SOURCE RECORDS:

##########

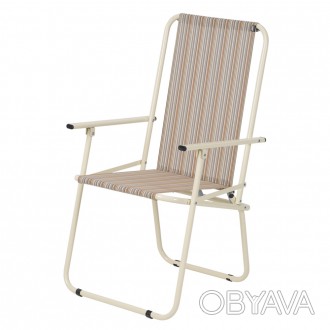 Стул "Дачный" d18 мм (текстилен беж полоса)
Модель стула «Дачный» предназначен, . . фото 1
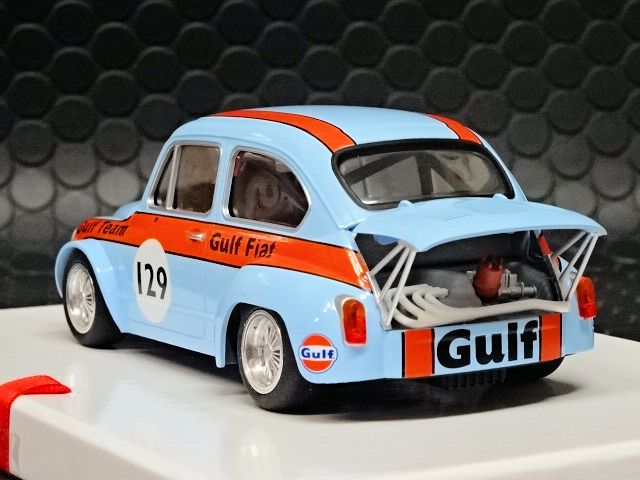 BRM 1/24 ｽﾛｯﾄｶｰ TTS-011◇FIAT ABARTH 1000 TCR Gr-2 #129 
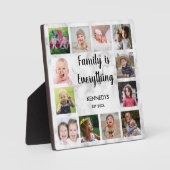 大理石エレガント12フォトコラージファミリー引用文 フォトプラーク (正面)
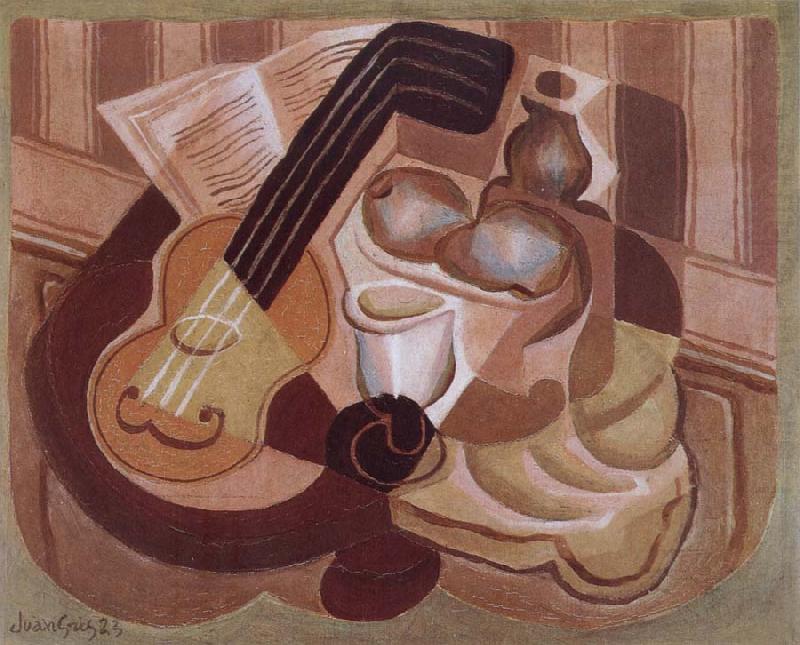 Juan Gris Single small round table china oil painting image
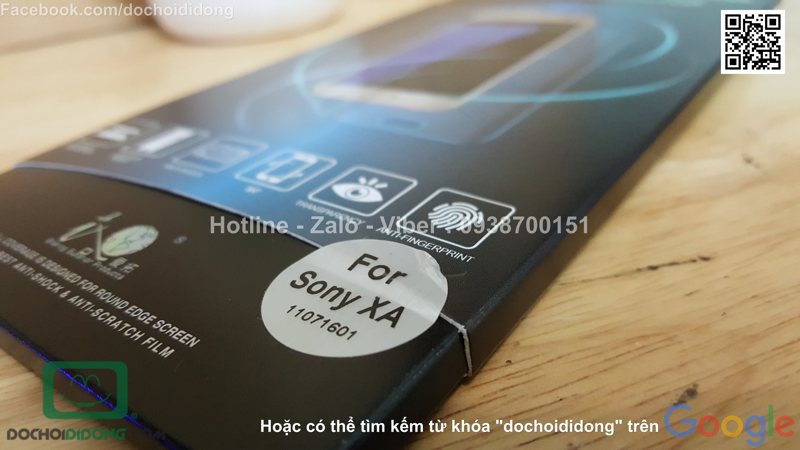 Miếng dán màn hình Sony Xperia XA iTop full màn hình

##########

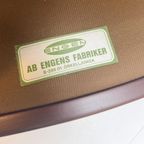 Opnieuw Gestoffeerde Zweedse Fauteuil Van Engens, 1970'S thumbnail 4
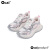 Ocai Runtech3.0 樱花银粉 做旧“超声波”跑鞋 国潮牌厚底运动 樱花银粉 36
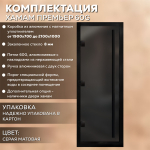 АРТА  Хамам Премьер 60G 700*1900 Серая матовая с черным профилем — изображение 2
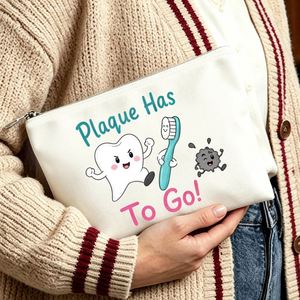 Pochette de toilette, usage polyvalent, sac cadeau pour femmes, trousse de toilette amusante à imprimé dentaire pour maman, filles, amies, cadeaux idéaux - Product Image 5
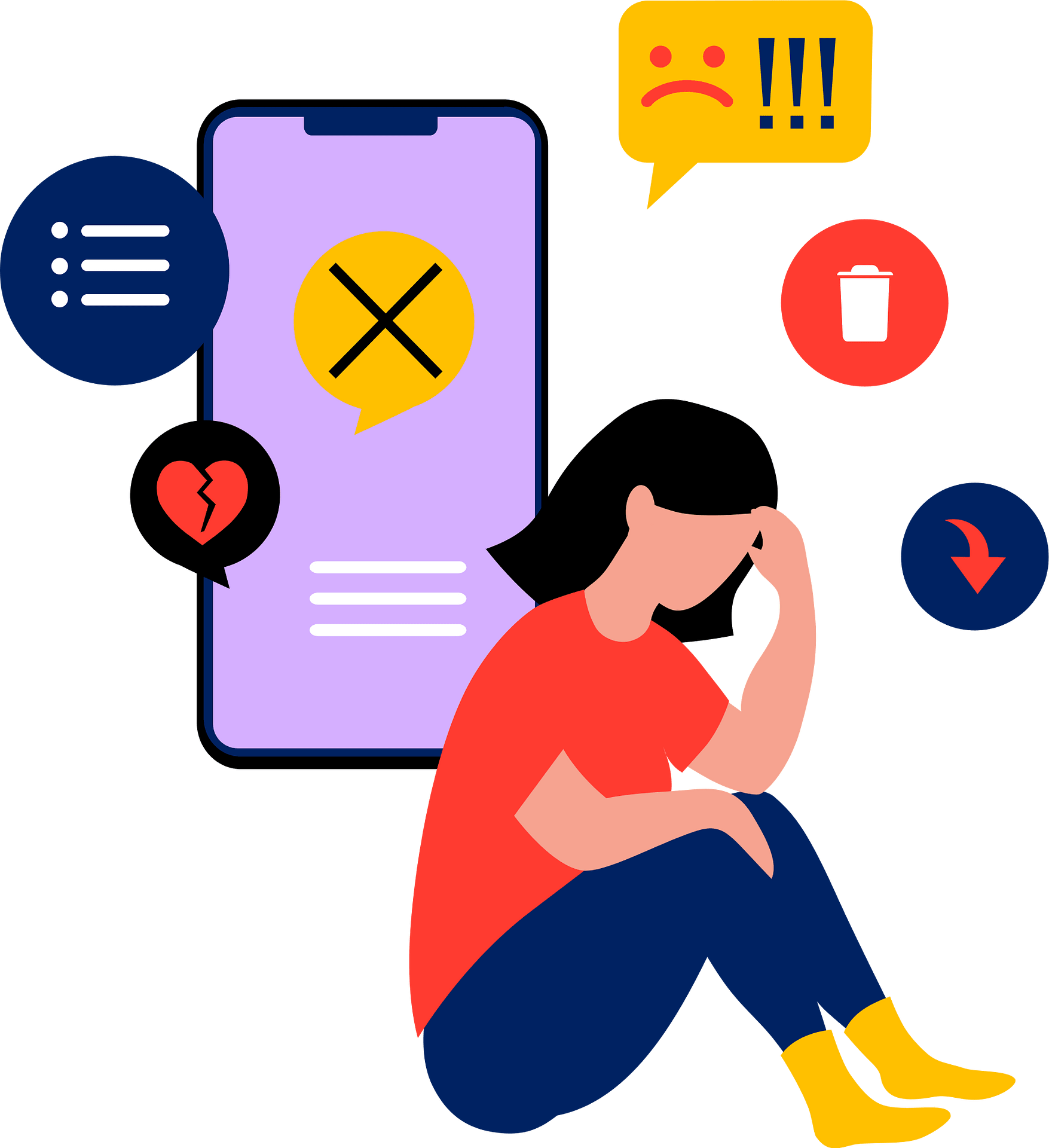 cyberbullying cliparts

##########

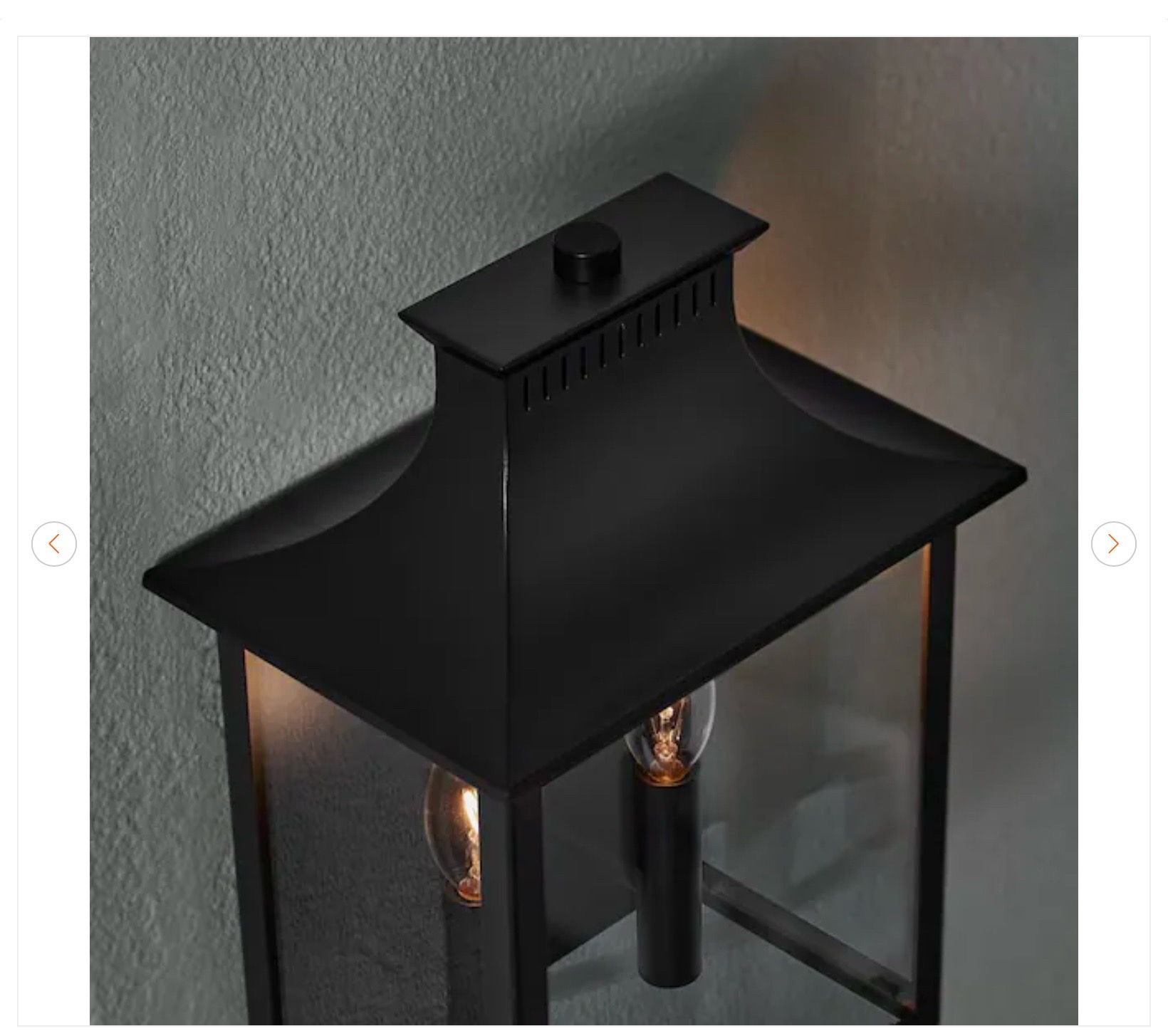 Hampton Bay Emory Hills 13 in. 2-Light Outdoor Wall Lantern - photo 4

##########

PROBLEM: Restate word for word the lines of the data above that begin at the line with "Opnieuw Gestoffeerde Zweedse" and end at the line with "cyberbullying cliparts", keeping both ends and dropping every picture.

YOUR SOLUTION:
 Opnieuw Gestoffeerde Zweedse Fauteuil Van Engens, 1970'S thumbnail 4
 Ocai Runtech3.0 樱花银粉 做旧“超声波”跑鞋 国潮牌厚底运动 樱花银粉 36
 АРТА  Хамам Премьер 60G 700*1900 Серая матовая с черным профилем — изображение 2
 Pochette de toilette, usage polyvalent, sac cadeau pour femmes, trousse de toilette amusante à imprimé dentaire pour maman, filles, amies, cadeaux idéaux - Product Image 5
 cyberbullying cliparts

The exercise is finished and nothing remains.